Brief descriptive captions:
☆ ☆ ☆ ☆ ☆

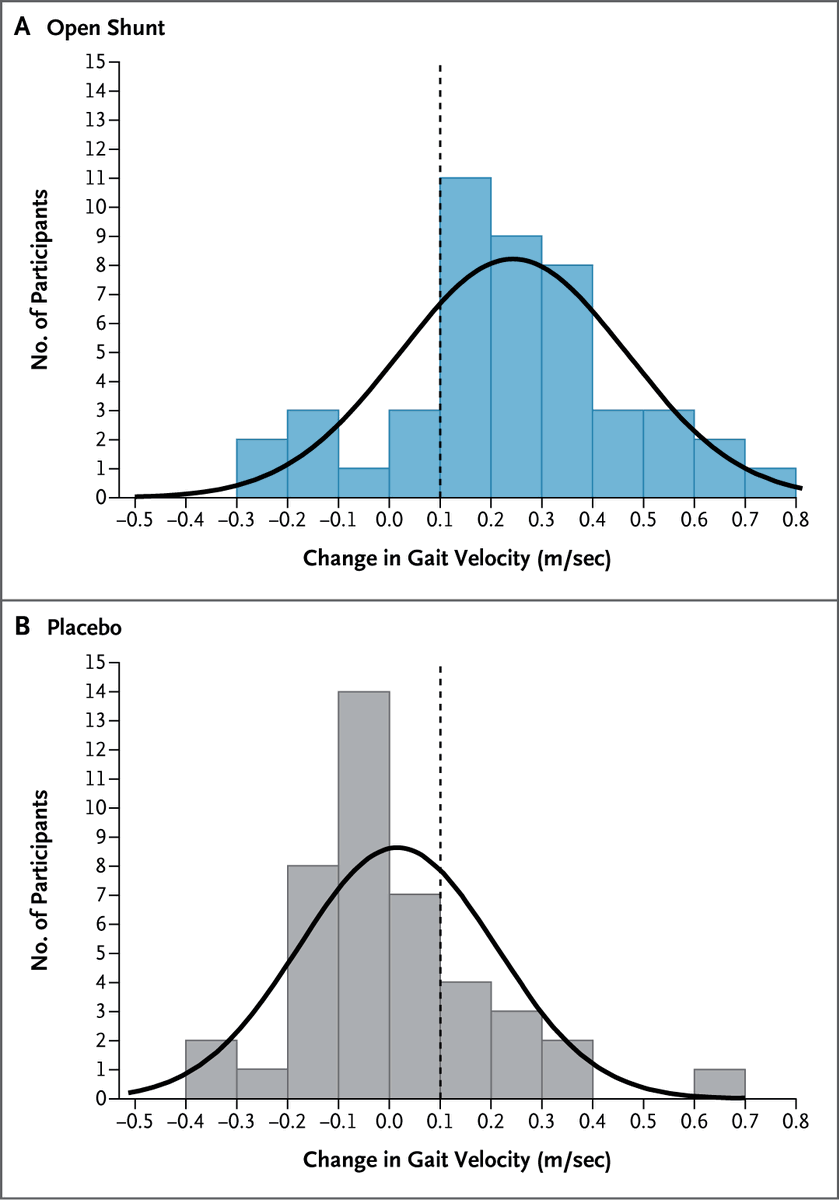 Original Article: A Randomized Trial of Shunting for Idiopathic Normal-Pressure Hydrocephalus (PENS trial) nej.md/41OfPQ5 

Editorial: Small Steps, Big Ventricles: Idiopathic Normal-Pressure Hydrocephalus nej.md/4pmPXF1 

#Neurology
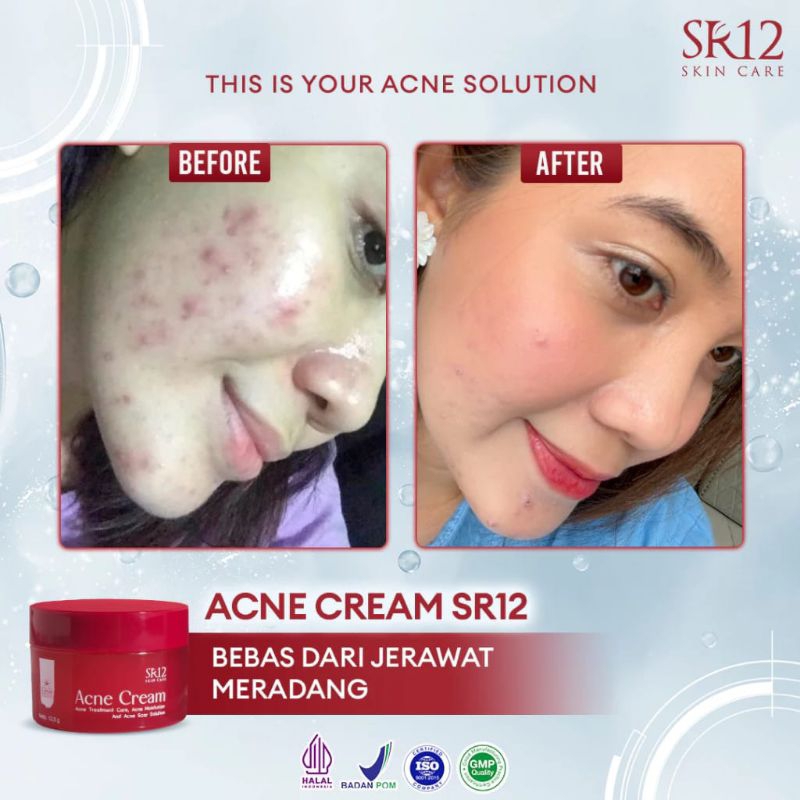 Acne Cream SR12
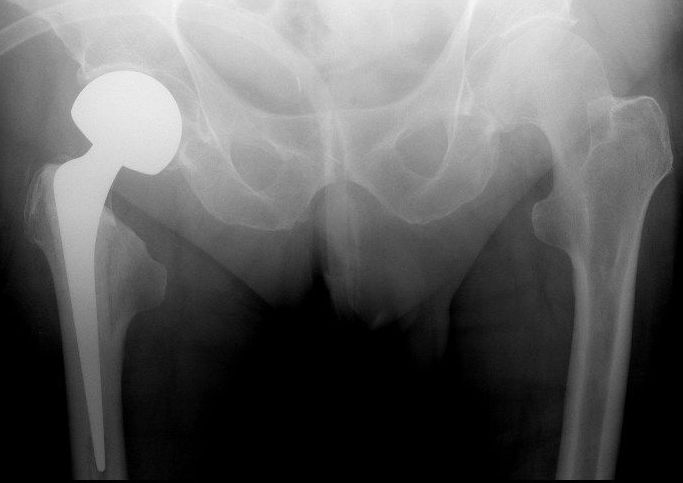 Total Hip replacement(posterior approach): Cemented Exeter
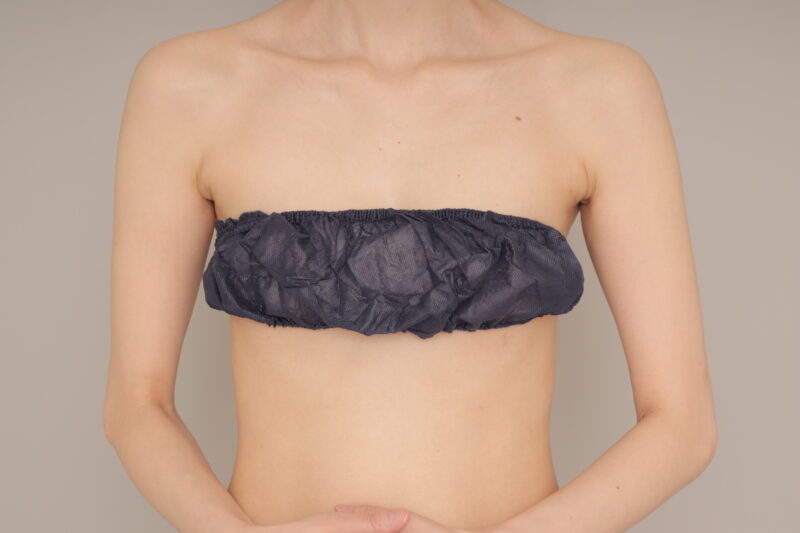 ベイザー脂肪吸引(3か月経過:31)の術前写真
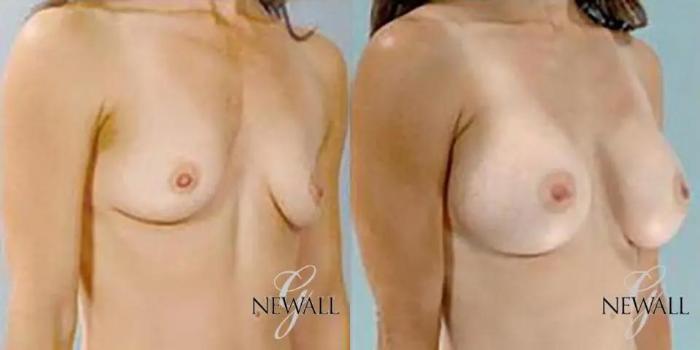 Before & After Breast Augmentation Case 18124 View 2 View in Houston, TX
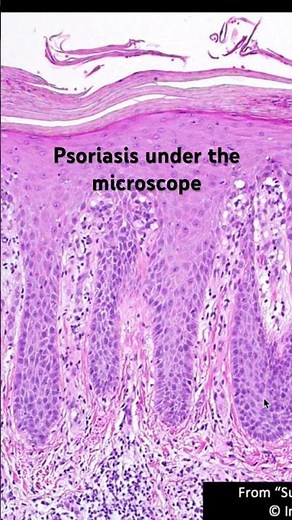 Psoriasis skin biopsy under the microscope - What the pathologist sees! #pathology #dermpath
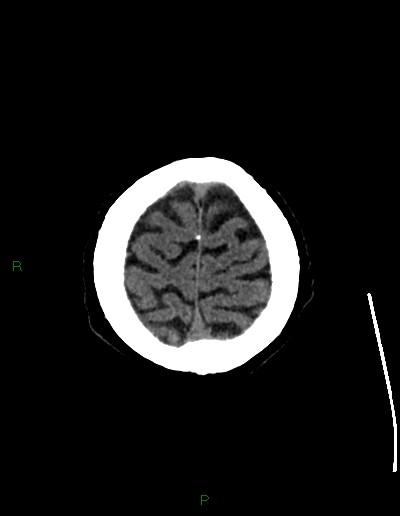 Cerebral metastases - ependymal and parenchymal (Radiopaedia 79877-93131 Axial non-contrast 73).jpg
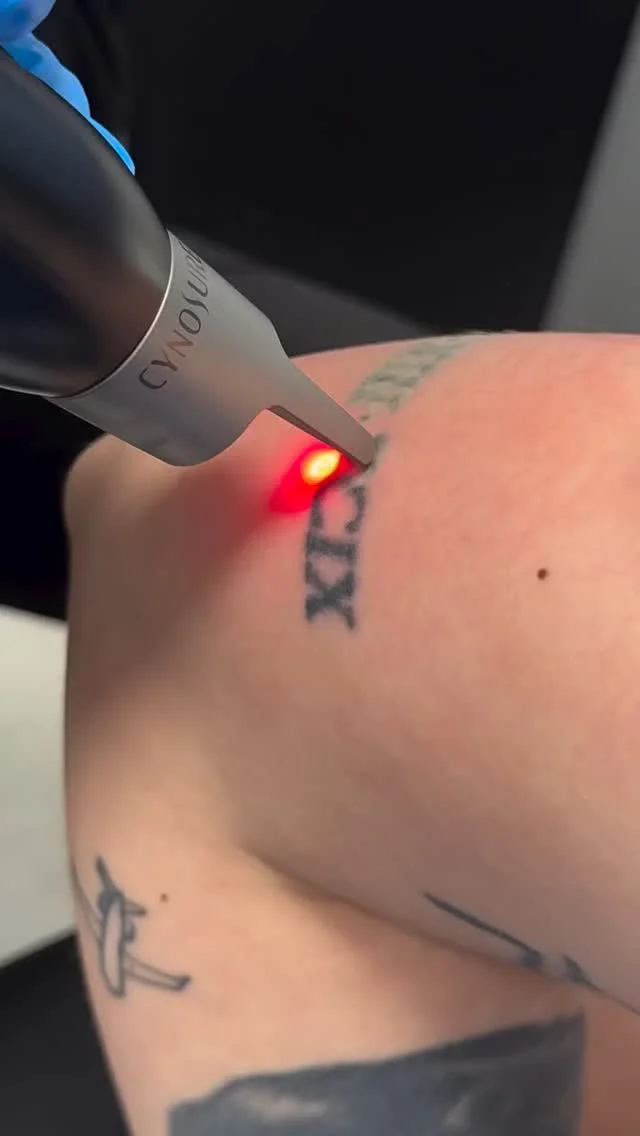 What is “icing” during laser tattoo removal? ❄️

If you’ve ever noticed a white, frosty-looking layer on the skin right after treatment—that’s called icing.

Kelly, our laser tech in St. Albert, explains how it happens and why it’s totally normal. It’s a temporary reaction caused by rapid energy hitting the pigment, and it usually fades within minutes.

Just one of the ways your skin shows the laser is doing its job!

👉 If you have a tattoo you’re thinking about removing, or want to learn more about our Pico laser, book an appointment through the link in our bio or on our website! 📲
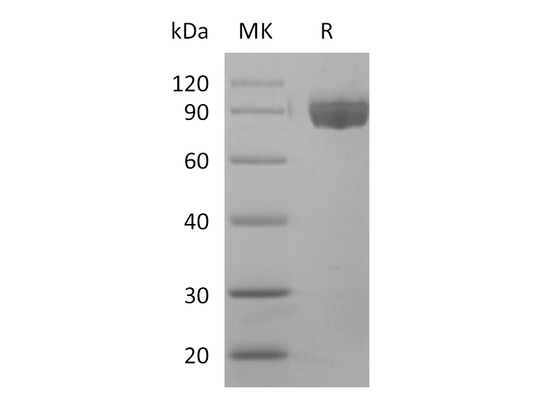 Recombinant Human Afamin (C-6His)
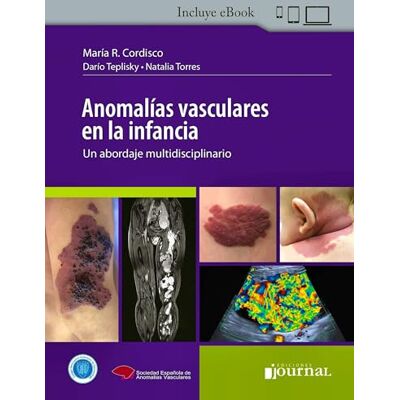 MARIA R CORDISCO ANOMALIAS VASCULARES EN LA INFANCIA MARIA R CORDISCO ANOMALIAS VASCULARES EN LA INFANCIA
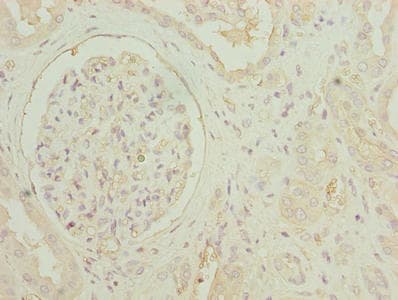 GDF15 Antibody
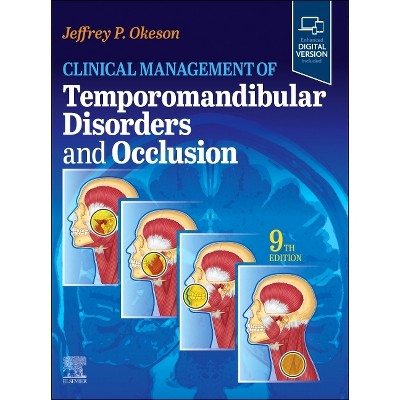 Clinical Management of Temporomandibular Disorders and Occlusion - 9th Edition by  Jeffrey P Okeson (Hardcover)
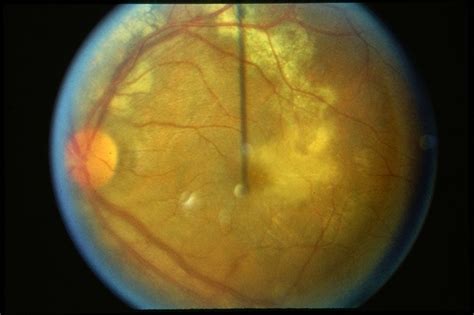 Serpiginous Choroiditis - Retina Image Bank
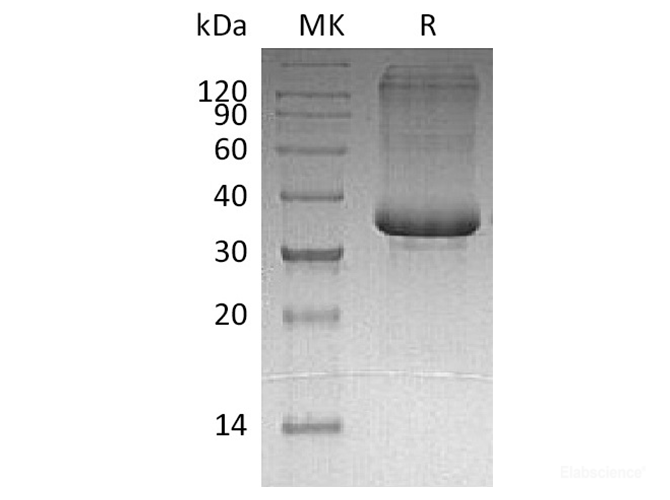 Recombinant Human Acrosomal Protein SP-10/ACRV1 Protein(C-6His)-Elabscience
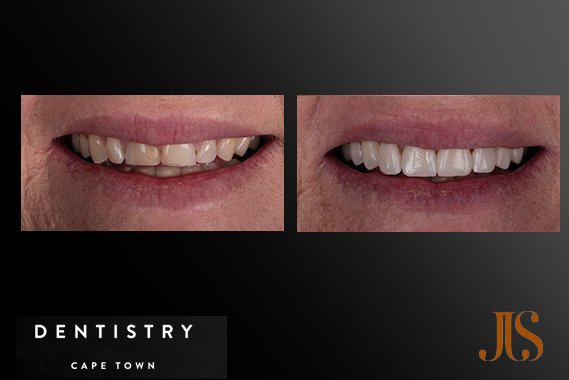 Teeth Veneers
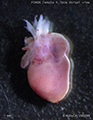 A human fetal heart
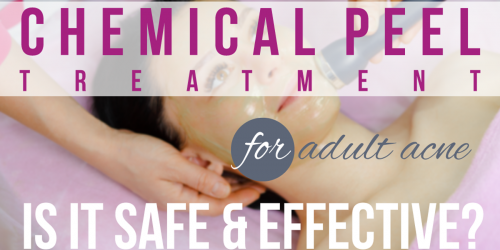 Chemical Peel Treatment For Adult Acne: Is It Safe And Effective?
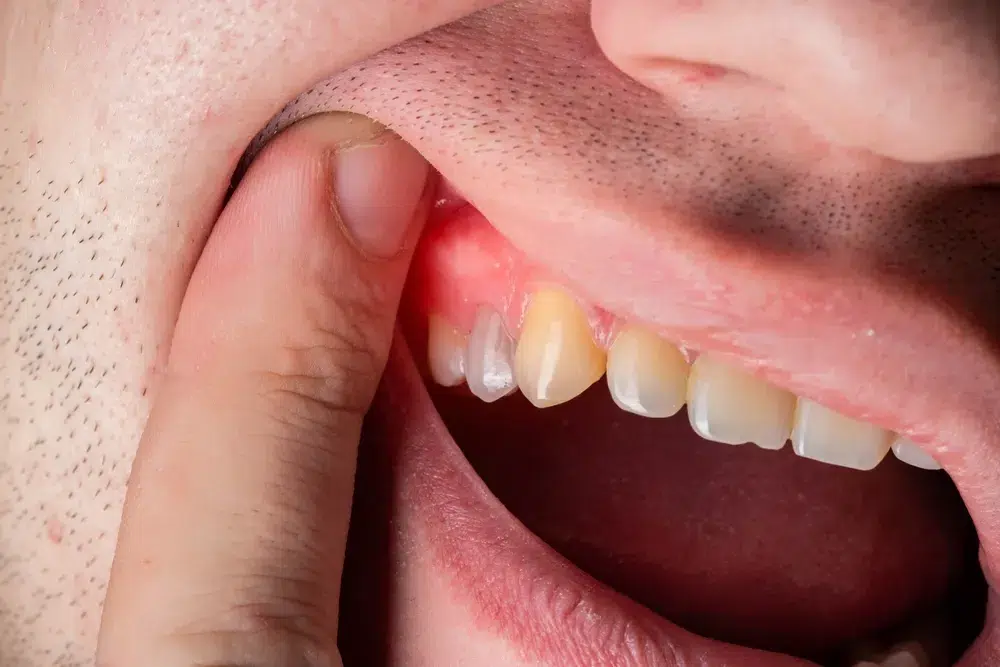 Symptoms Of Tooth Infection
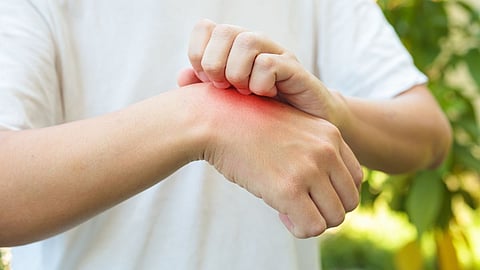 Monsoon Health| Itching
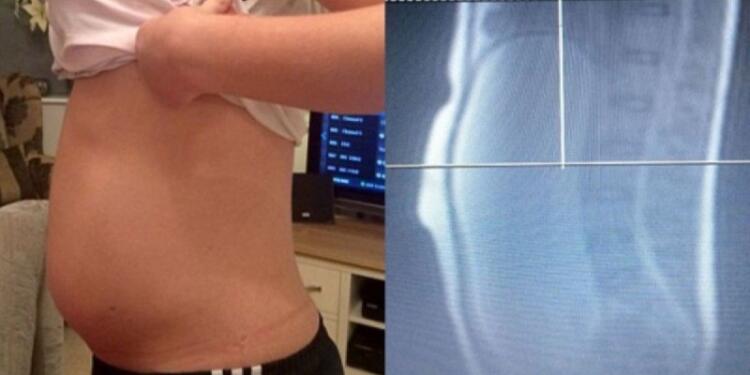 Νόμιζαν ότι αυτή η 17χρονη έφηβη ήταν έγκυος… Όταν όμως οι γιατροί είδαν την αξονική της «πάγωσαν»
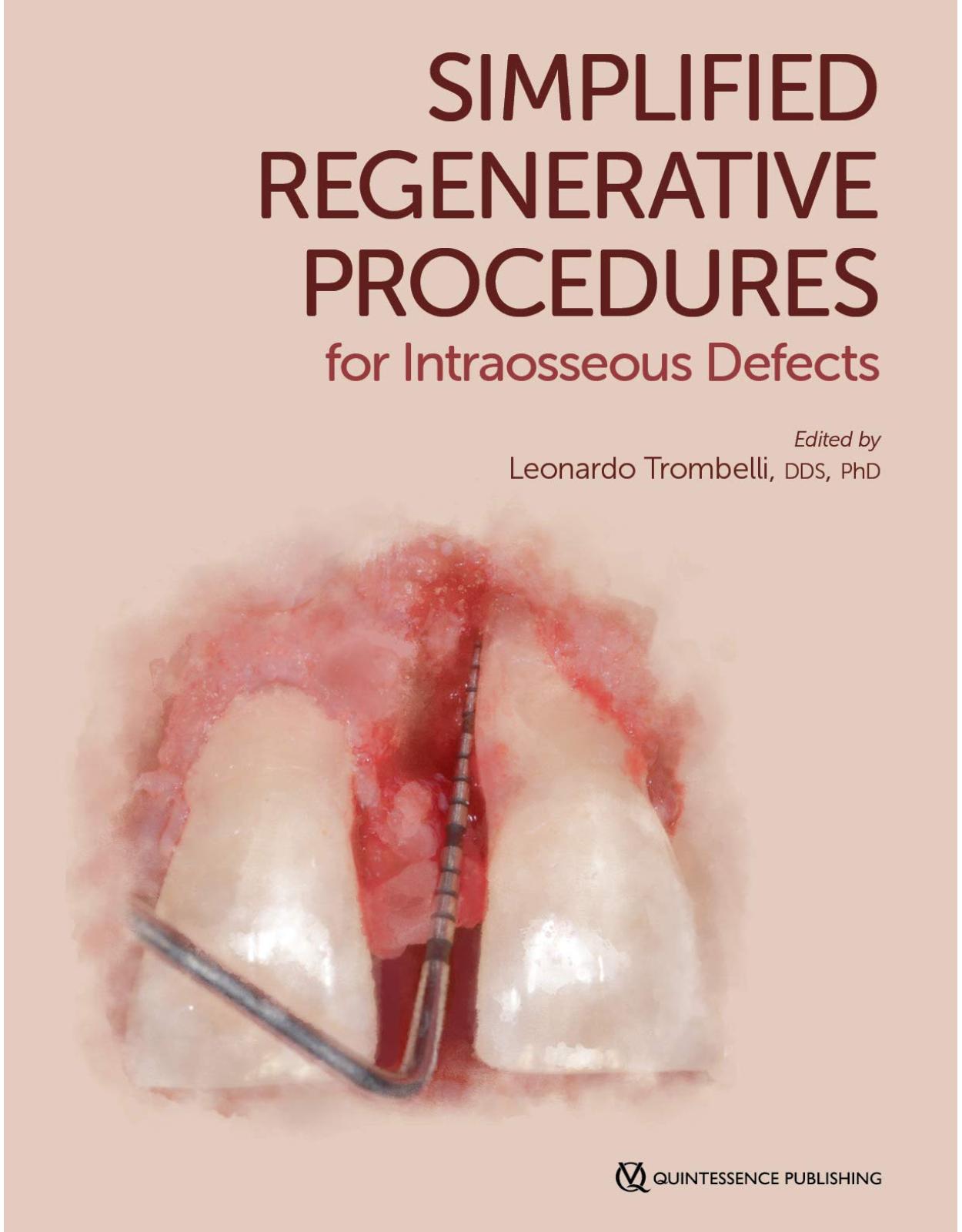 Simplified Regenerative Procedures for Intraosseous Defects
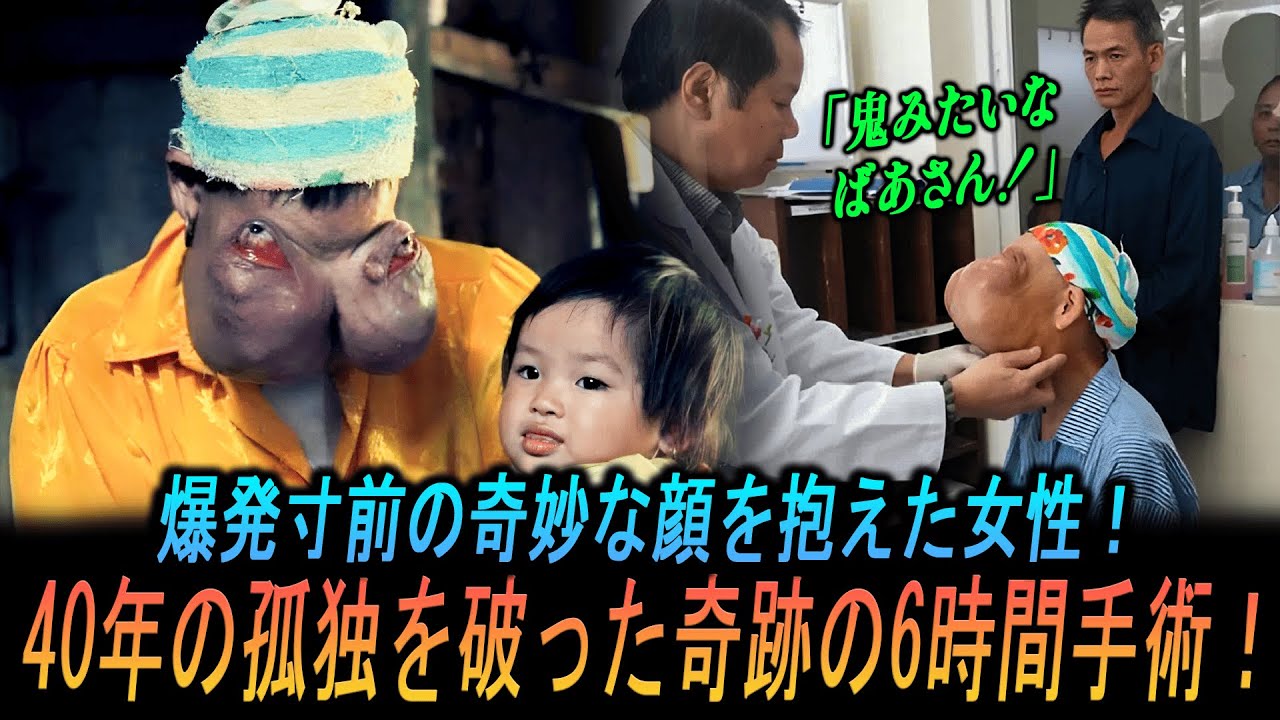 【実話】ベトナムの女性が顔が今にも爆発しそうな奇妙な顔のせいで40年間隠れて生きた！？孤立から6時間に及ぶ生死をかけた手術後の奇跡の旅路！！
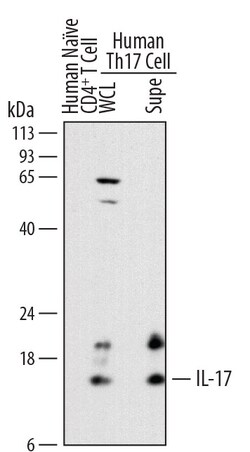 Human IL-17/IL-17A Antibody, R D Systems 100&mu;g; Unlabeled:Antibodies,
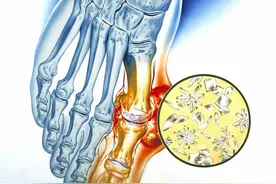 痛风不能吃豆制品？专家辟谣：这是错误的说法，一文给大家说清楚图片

☆ ☆ ☆ ☆ ☆

Put down exactly the lines of the data above that run from its first line through the line bearing "If you’ve ever", and no pictures.

 Original Article: A Randomized Trial of Shunting for Idiopathic Normal-Pressure Hydrocephalus (PENS trial) nej.md/41OfPQ5 

Editorial: Small Steps, Big Ventricles: Idiopathic Normal-Pressure Hydrocephalus nej.md/4pmPXF1 

#Neurology
 Acne Cream SR12
 Total Hip replacement(posterior approach): Cemented Exeter
 ベイザー脂肪吸引(3か月経過:31)の術前写真
 Before & After Breast Augmentation Case 18124 View 2 View in Houston, TX
 Psoriasis skin biopsy under the microscope - What the pathologist sees! #pathology #dermpath
 Cerebral metastases - ependymal and parenchymal (Radiopaedia 79877-93131 Axial non-contrast 73).jpg
 What is “icing” during laser tattoo removal? ❄️

If you’ve ever noticed a white, frosty-looking layer on the skin right after treatment—that’s called icing.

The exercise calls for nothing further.